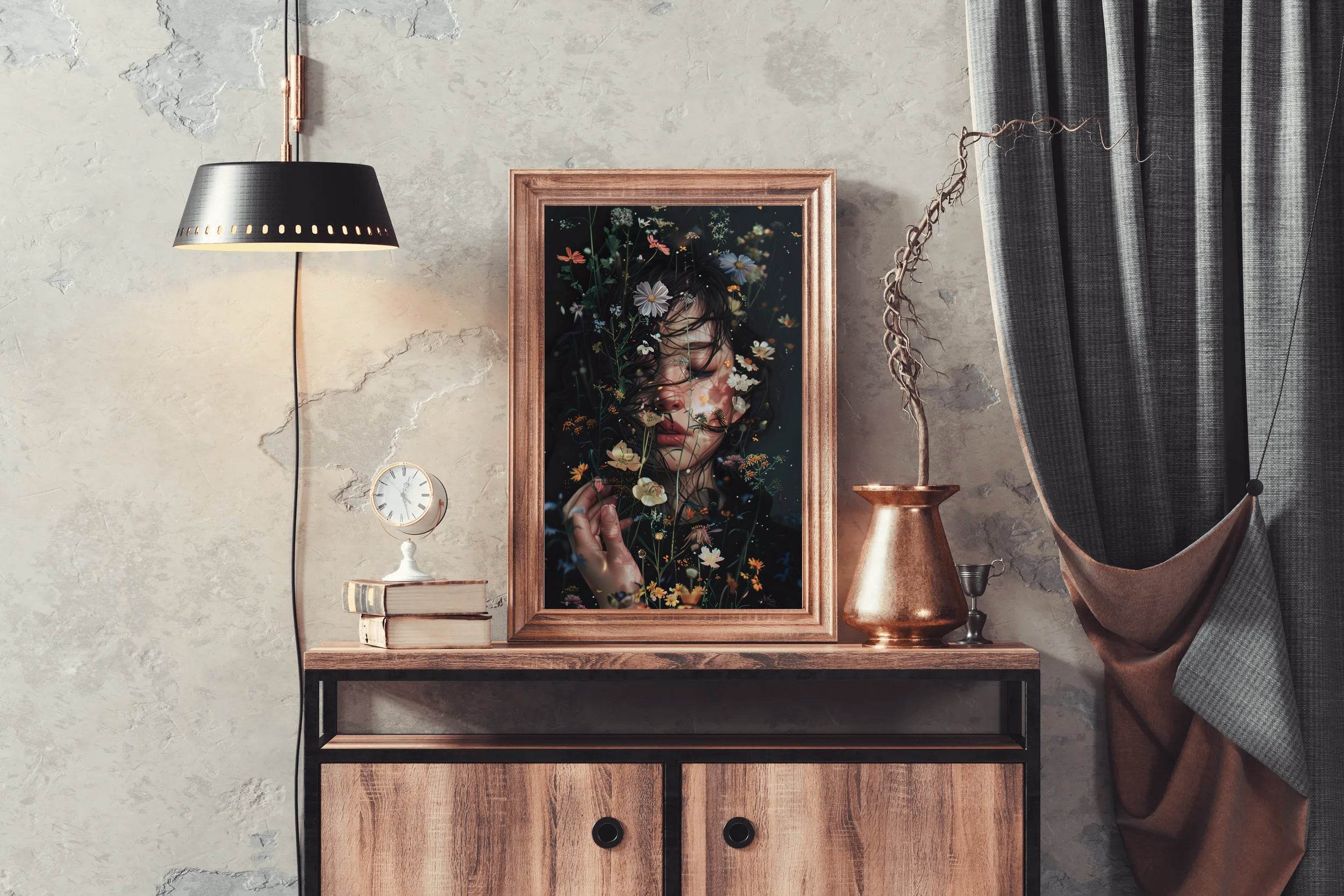 A Self Portrait With Flowers Digital Art - beink online art store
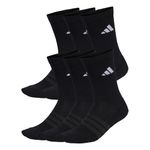 adidas Unisex Cushioned Crew Socks 6 Pair Pack, black/black/white, 8.5-10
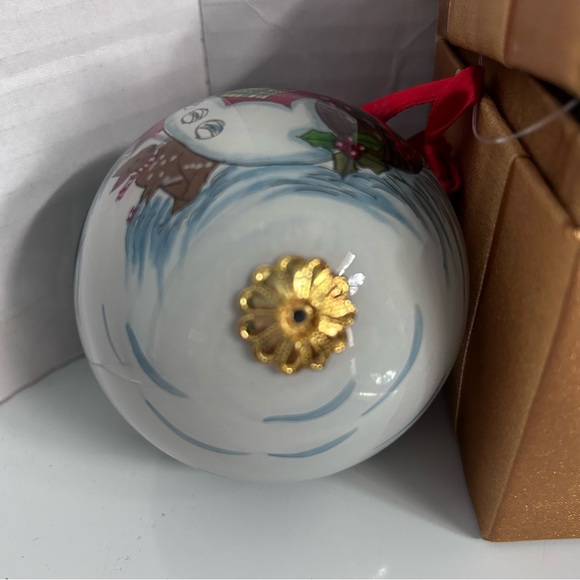 Christmas Tree Ornament SNOWMAN Blown Glass Hand Blown INSIDE-Painted - Picture 9 of 12
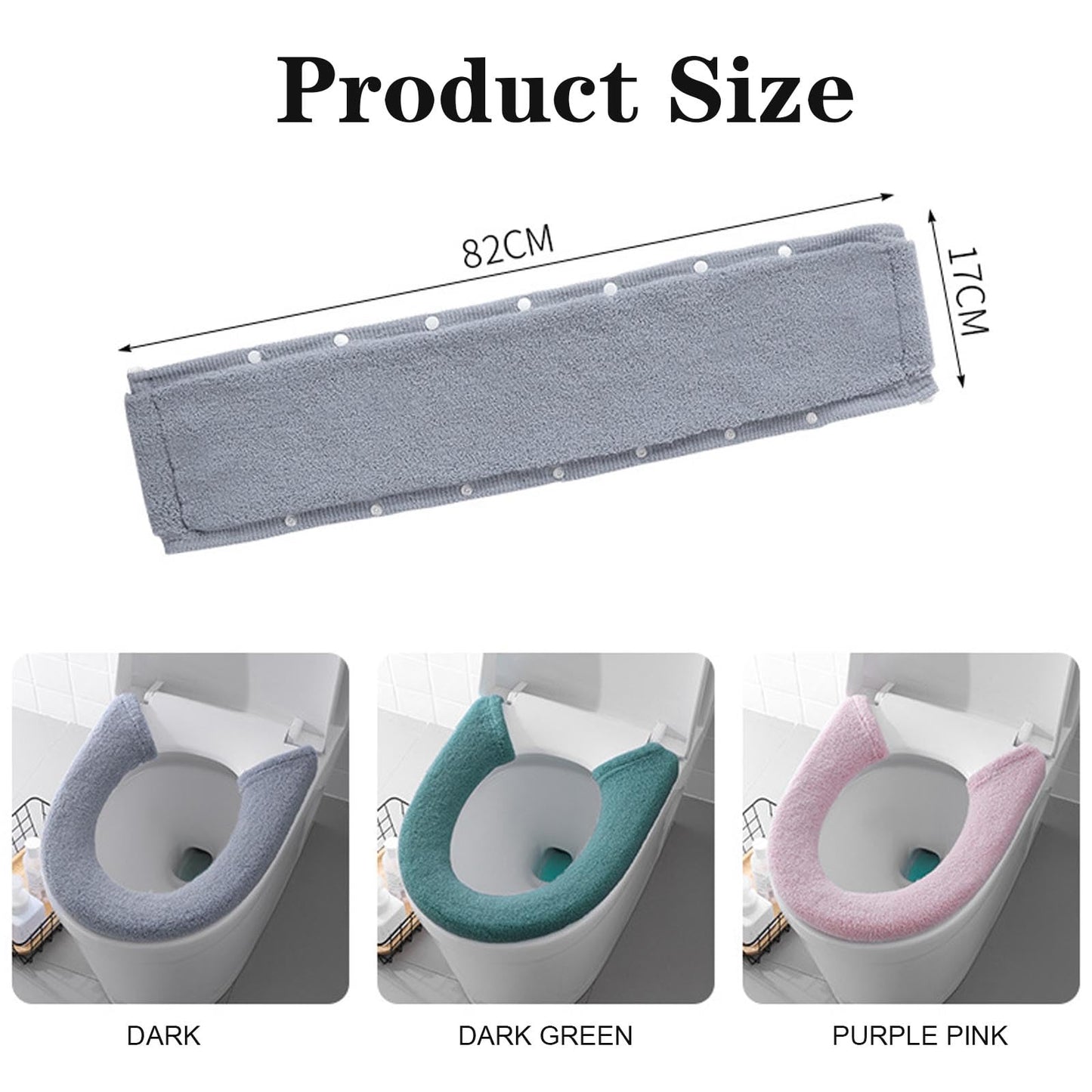 AYNKH 3PCS Soft Thicker Toilet Seat Warmer with Handles, Button Style Universal Cushion Plush Cover Closestool Pads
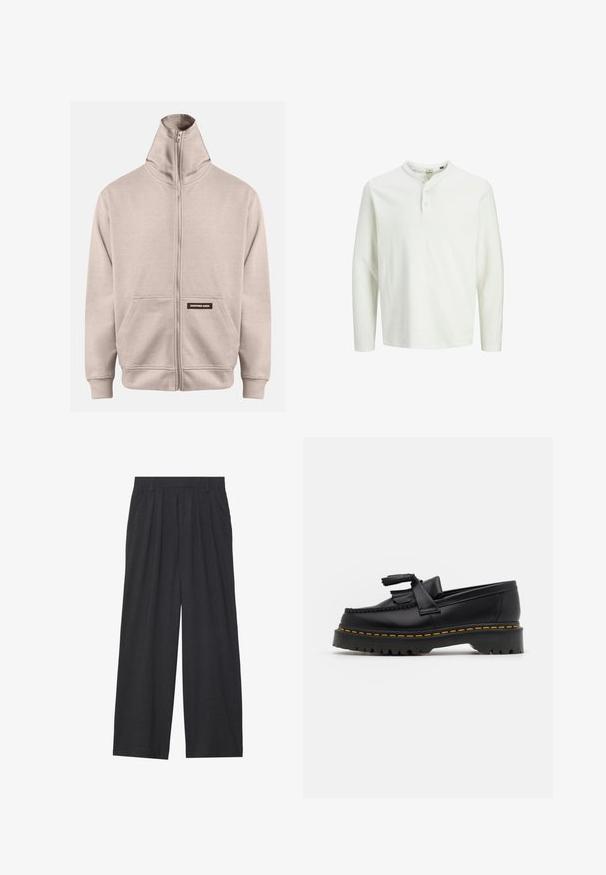 Beige cipzáras pulóver magas gallérral, két oldalsó zsebbel, bordázott mandzsettákkal és aljjal, a bal zsebénél található egy kis sötét címke.; Fehér, hosszú ujjú henley póló három gombbal és kerek nyakkal, egyszínű fehér háttéren bemutatva.; Sötétszürke anyagból készült, bő szárú nadrág. Ráncokkal a deréknál, elegáns fazonnal és egyenes sziluettel rendelkezik.; Fekete bőr mokaszin, rojtos díszítéssel, masszív fekete talppal és sárga varrással az élén. Texturált felület.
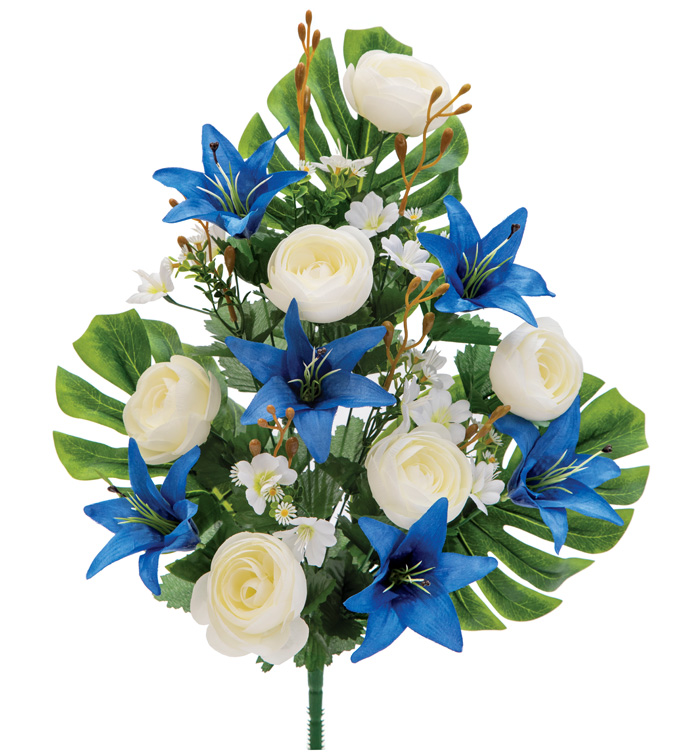 Blue/White Lily/Rose 1/2 Bush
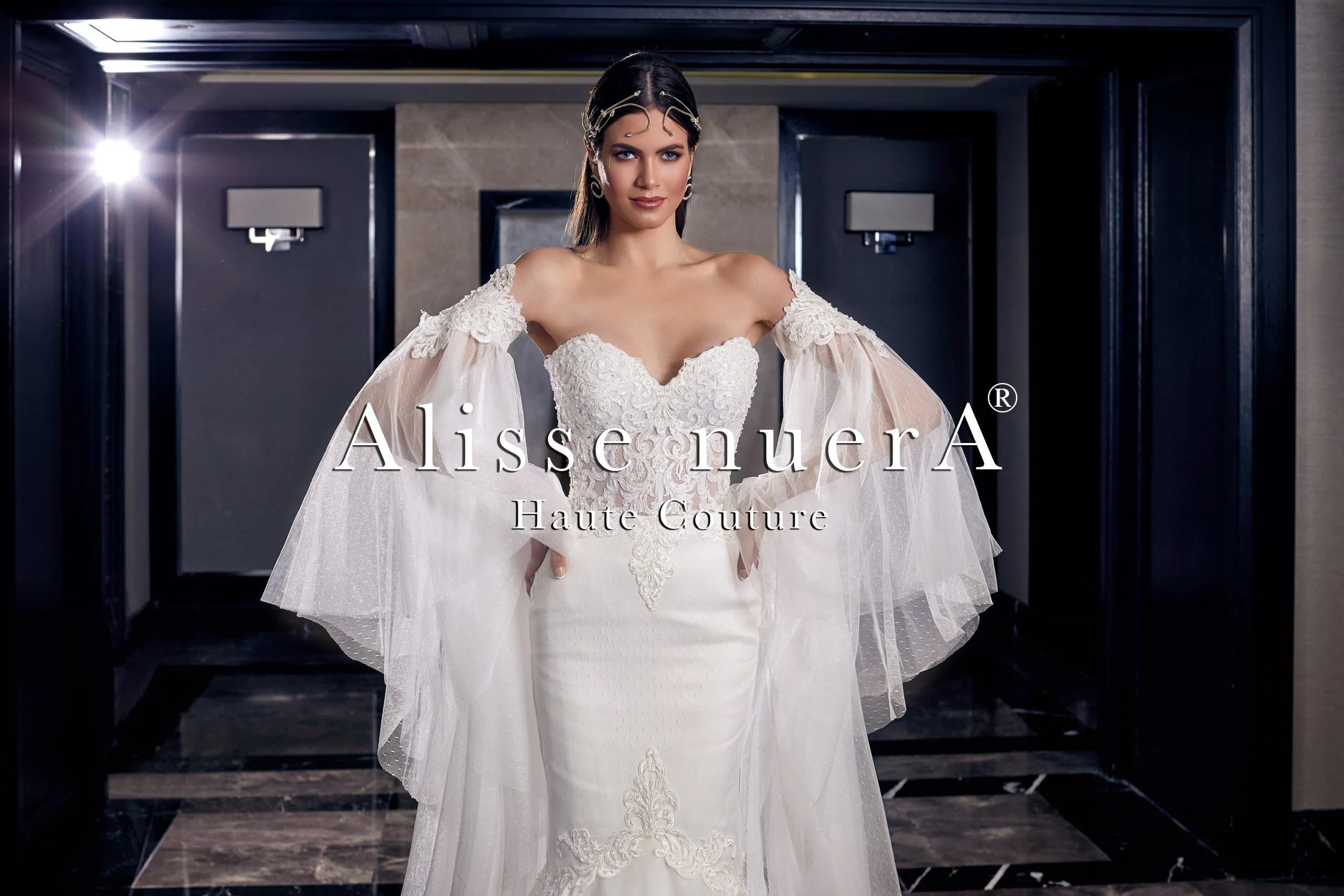Dress for wedding glamorous style red carpet--Sweetheart Mermaid Bridal Dress with Removable Tulle Bell Sleeve Dress for wedding glamorous style red carpet--Sweetheart Mermaid Bridal Dress with Removable Tulle Bell Sleeve
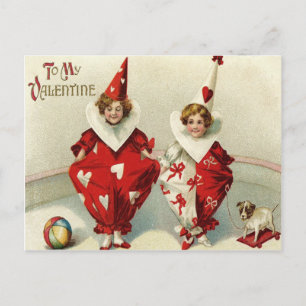 Clown Children Hund Boll Heart Vykort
________________________________________
◆ What to work on
Using the data above, retype exactly the lines from the line with "adidas Unisex Cushioned" to the line with "Blue/White Lily/Rose 1/2 Bush", inclusive. No pictures and nothing else.

◆ Answer box
 adidas Unisex Cushioned Crew Socks 6 Pair Pack, black/black/white, 8.5-10
 Christmas Tree Ornament SNOWMAN Blown Glass Hand Blown INSIDE-Painted - Picture 9 of 12
 AYNKH 3PCS Soft Thicker Toilet Seat Warmer with Handles, Button Style Universal Cushion Plush Cover Closestool Pads
 Beige cipzáras pulóver magas gallérral, két oldalsó zsebbel, bordázott mandzsettákkal és aljjal, a bal zsebénél található egy kis sötét címke.; Fehér, hosszú ujjú henley póló három gombbal és kerek nyakkal, egyszínű fehér háttéren bemutatva.; Sötétszürke anyagból készült, bő szárú nadrág. Ráncokkal a deréknál, elegáns fazonnal és egyenes sziluettel rendelkezik.; Fekete bőr mokaszin, rojtos díszítéssel, masszív fekete talppal és sárga varrással az élén. Texturált felület.
 Blue/White Lily/Rose 1/2 Bush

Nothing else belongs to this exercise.